Visuel pédagogique interne docentra.
- Le remplissage vasculaire péri-opératoire doit être guidé par des objectifs (pression artérielle, diurèse, lactates) plutôt qu'administré de façon systématique et forfaitaire.
- Les cristalloïdes balancés sont recommandés en première intention pour le remplissage standard, les colloïdes étant réservés à des situations spécifiques de choc hémorragique.
- Une hypotension péri-opératoire prolongée, même modérée, est associée à un sur-risque d'insuffisance rénale aiguë et d'événements cardiaques — la corriger rapidement plutôt que la tolérer.

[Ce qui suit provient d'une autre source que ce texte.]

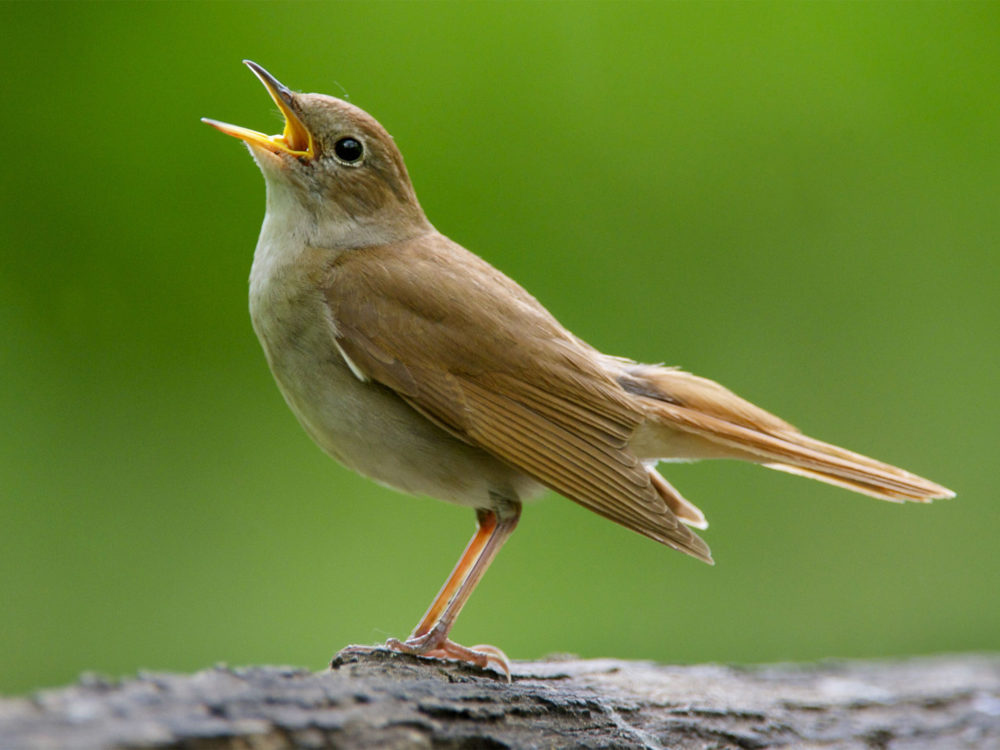 Nightingale Bird Facts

- La diurèse horaire reste un marqueur simple et précieux de perfusion tissulaire au lit du patient, à surveiller systématiquement en post-opératoire immédiat des chirurgies majeures.
#002
Choc hémorragique péri-opératoire

Visuel pédagogique interne docentra.
- Reconnaître précocement les signes de choc hémorragique (tachycardie, hypotension, marbrures, confusion) — la pression artérielle seule peut rester longtemps normale chez le sujet jeune (mécanismes compensateurs).

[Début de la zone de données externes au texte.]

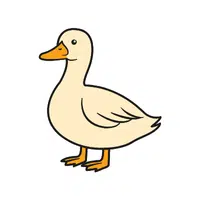 Duck | Friendly Animals Names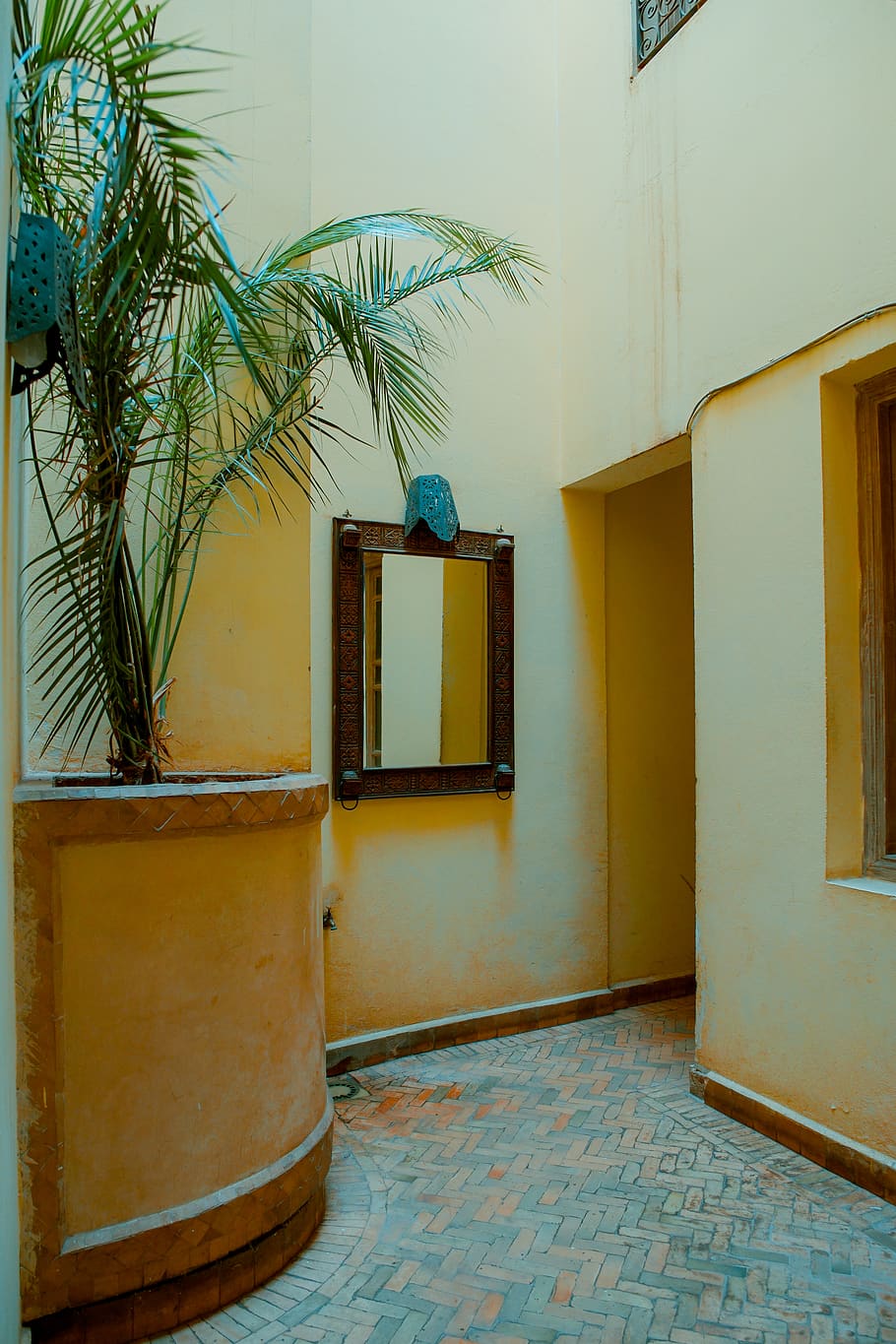 green leaf plant, architecture, built structure, building, entrance HD wallpaper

- La stratégie transfusionnelle moderne privilégie un ratio équilibré culots globulaires/plasma/plaquettes plutôt que les culots globulaires seuls, en cas d'hémorragie massive.
- L'acide tranexamique, administré précocement (dans les 3 premières heures), réduit la mortalité par hémorragie dans de nombreux contextes chirurgicaux et traumatiques.
- Le contrôle chirurgical ou radiologique de la source hémorragique reste le geste le plus efficace — le remplissage et la transfusion ne sont que des mesures d'attente avant ce contrôle définitif.
#003
Sédation-analgésie en réanimation

Visuel pédagogique interne docentra.
- La sédation profonde systématique n'est plus la norme — l'objectif actuel est une sédation légère, évaluée par des échelles validées (RASS notamment), pour limiter la durée de ventilation.
- L'analgésie doit toujours précéder la sédation dans la démarche thérapeutique (« analgesia first ») — une agitation mal interprétée comme un besoin de sédation peut en réalité traduire une douleur non traitée.
- Le delirium de réanimation, favorisé par une sédation profonde et prolongée, est associé à une majoration de la mortalité et des séquelles cognitives — sa prévention est un objectif prioritaire.
- Des fenêtres d'arrêt quotidien de la sédation (« sédation holidays ») permettent une réévaluation neurologique régulière et raccourcissent la durée de ventilation mécanique.
#004
Gestion péri-opératoire des anticoagulants

Visuel pédagogique interne docentra.
- La décision repose sur la balance entre le risque thrombotique du patient (fibrillation atriale, valve mécanique, antécédent thromboembolique) et le risque hémorragique du geste chirurgical prévu.
- Le bridging systématique par héparine de bas poids moléculaire n'est plus recommandé pour la majorité des patients sous AVK à risque thrombotique faible à modéré — il augmenté le risque hémorragique sans bénéfice net démontré.
- Les anticoagulants oraux directs (AOD) se gèrent différemment des AVK : arrêt simple à délai fixe selon la fonction rénale et le risque hémorragique du geste, sans relais héparinique dans la majorité des cas.
- La reprise post-opératoire de l'anticoagulation doit être individualisée selon l'hémostase chirurgicale obtenue — ne jamais reprendre systématiquement à heure fixe sans réévaluation clinique.